Grep a pattern in a key position a file

DNM_UKN · May 21, 2018, 7:31am

Hi guys,

So I have a file containing data of a marathon. Here's an example what it looks like including the given key:

# key: sex, time, athlete, athlete's nationality, date, city, country
M, 2:30:57.6, Harry Payne, GBR, 1929-07-05, Stamford Bridge, England
M, 2:5:42, Khalid Khannouchi, MAR, 1999-10-24, Chicago, USA
M, 2:5:37.8, Khalid Khannouchi, USA, 2002-04-14, London, USA

My task is to extract all lines that feature a runner's last name starting with a C.
What I did was; I sorted the file according to key 4 and redirected the output to a new file, which gave me the list sorted in alphabetical order according to their last name. I used this command to do this;

sort -k 4 marathon > t21a

.

Does anyone know if there is a command that allows me to grep all entries which have the last name starting with C from the key position these terms are in?
Any help would be much appreciated.

I have tried to grep from a key position but the option I used(from sort) does not exist for grep;

grep -k 4 '^[C,c]' t21b > t21c

Thank you

Scrutinizer · May 21, 2018, 8:11am

Hi,

awk can do that. Try:

awk '$4~/^[Cc]/' t21b

The field separator here is comma-space so I would be inclined to use that:

awk -F', *' '$3~/ [cC]/' t21b

Note that these approaches only work if all persons have exactly two names.

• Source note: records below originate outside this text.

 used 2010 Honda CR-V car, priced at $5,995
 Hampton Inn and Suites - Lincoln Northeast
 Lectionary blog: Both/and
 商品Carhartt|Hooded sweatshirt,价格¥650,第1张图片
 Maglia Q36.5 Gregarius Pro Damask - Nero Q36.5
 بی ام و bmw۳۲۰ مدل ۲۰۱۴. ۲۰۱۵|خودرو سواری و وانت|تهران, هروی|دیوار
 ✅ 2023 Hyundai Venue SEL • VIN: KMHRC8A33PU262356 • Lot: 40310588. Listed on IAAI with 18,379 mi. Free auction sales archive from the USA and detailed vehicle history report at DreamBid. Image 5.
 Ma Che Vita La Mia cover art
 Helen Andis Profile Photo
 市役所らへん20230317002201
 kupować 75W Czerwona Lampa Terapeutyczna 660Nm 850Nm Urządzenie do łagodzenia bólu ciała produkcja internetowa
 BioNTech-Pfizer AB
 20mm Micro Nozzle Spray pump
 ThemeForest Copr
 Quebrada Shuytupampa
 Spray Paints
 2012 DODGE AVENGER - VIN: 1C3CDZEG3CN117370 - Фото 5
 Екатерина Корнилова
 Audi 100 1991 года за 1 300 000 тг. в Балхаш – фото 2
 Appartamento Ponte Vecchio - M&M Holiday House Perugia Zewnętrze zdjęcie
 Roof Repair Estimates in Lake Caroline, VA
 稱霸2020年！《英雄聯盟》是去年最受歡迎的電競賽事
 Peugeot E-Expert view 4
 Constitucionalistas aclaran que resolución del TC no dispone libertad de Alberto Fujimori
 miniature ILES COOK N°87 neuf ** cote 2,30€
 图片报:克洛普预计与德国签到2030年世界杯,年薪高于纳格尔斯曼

The following approach would use the last name in field 3:

awk -F', *' '{n=split($3,F," ")} F[n]~/^[cC]/ t21b

DNM_UKN · May 21, 2018, 9:56am

I'll try it out right now. Thank you

---------- Post updated at 12:16 PM ---------- Previous update was at 12:12 PM ----------

Heyyy it worked, thank you so much

---------- Post updated at 01:56 PM ---------- Previous update was at 12:16 PM ----------

Hey,
So I'm having issues sorting a data set.
The data set contains entries as such;

# key: sex, time, athlete, athlete's nationality, date, city, country

M, 2:30:57.6, Harry Payne, GBR, 1929-07-05, Stamford Bridge, England
M, 2:5:42, Khalid Khannouchi, MAR, 1999-10-24, Chicago, USA
M, 2:5:37.8, Khalid Khannouchi, USA, 2002-04-14, London, UK
M, 2:4:48, Patrick Makau Musyoki, KEN, 2010-04-11, Rotterdam, Netherlands

I now want to sort this file according to the name of the athlete's, however, I don't want to sort it alphabetically but according to the number of names the athletes have. So for instance, I would like to sort the entire document starting with the entries of all the athletes that have 2-word names, then all the athletes with 3-word names and so on. Is this possible using sort?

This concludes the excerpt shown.